Each tokenization method has advantages and limitations, so the choice depends on the task. In some cases, hybrid approaches combining both strategies achieve a better balance between data representation fidelity and computational efficiency.

Based on these ideas, the GSM++ framework authors proposed a hierarchical tokenization algorithm, based on clustering nodes by similarity (Hierarchical Affinity Clustering, HAC).

The algorithm starts by treating each graph vertex as a separate cluster. At each step, two clusters connected by the least "expensive" edge (determined by the similarity of their encodings) are merged. This process continues until the entire graph is merged into a single cluster. The result is a hierarchical tree, with the root representing the whole graph and the leaves corresponding to the original nodes.

This approach offers two key advantages. First, it organizes nodes so that similar elements are closer together, improving graph representation in models. Second, it enables multi-level graph encoding, allowing flexible structural analysis. Two tree traversal strategies are developed: depth-first search (DFS) and breadth-first search (BFS). DFS generates node sequences reflecting their hierarchical positions. BFS produces sequences where similar nodes are adjacent.

This tokenization method preserves the graph’s local structure and works efficiently with recurrent models, especially for tasks requiring global connectivity analysis.

Additionally, a hierarchical positional encoding method is used, considering the shortest paths between nodes and their positions in the cluster hierarchy. Experiments show that this encoding significantly improves graph representation quality.

Since different nodes may require different tokenization methods depending on the graph structure and task, the Mix of Tokenization (MoT) approach was proposed. It allows each node to use the most suitable encoding method by selecting optimal tokenizers and combining their representations.

After tokenization, data is converted into vector representations to study local graph features. At this stage, Graph Neural Networks (GNNs) are commonly used, as they efficiently capture local dependencies between nodes. In financial markets, this helps analyze asset correlations, detect local anomalies, and generate predictions based on microstructural data. Due to their adaptability and ability to extract complex patterns, GNNs are applied in algorithmic trading and market volatility forecasting.

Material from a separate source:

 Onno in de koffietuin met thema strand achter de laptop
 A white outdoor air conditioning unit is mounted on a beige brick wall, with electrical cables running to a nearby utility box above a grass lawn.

Global encoding is crucial for modeling long-term dependencies within the graph. Sequential encoding is applied to identify complex relationships between structural elements. In financial applications, this enables modeling macroeconomic trends, analyzing the influence of global factors on markets, and developing strategies based on deep data interconnections. Long-term financial trends, such as the impact of monetary policy or global economic crises, require algorithms capable of capturing complex dependencies across multiple time horizons.

When selecting a sequence model for graph training, a key question arises: which model is most effective? The standard approach allows combining various sequence encoders with different tokenization methods, generating multiple possible architectures. However, there is no clear consensus on which are best suited for specific graph tasks.

Counting tasks require determining the number of nodes of a certain type. Attention-based models without causal dependencies cannot solve such tasks correctly. This raises the question: can recurrent models, which account for order, handle this problem?

It turns out that if the width of the recurrent model matches the number of distinct node classes, it can count them accurately. This demonstrates the effectiveness of recurrent models in tasks where sequential structure is more critical than graph topology.

Certain graph tasks, such as algorithmic reasoning, require strict adherence to node order. Modern sequence models mostly rely on causal dependencies, which must be considered when integrating them with graph models. Research shows that excessive information compression can reduce representational fidelity. In recurrent models, sensitivity to initial data decreases with the distance between elements, whereas transformers maintain constant sensitivity. However, both models are prone to representation collapse as depth increases.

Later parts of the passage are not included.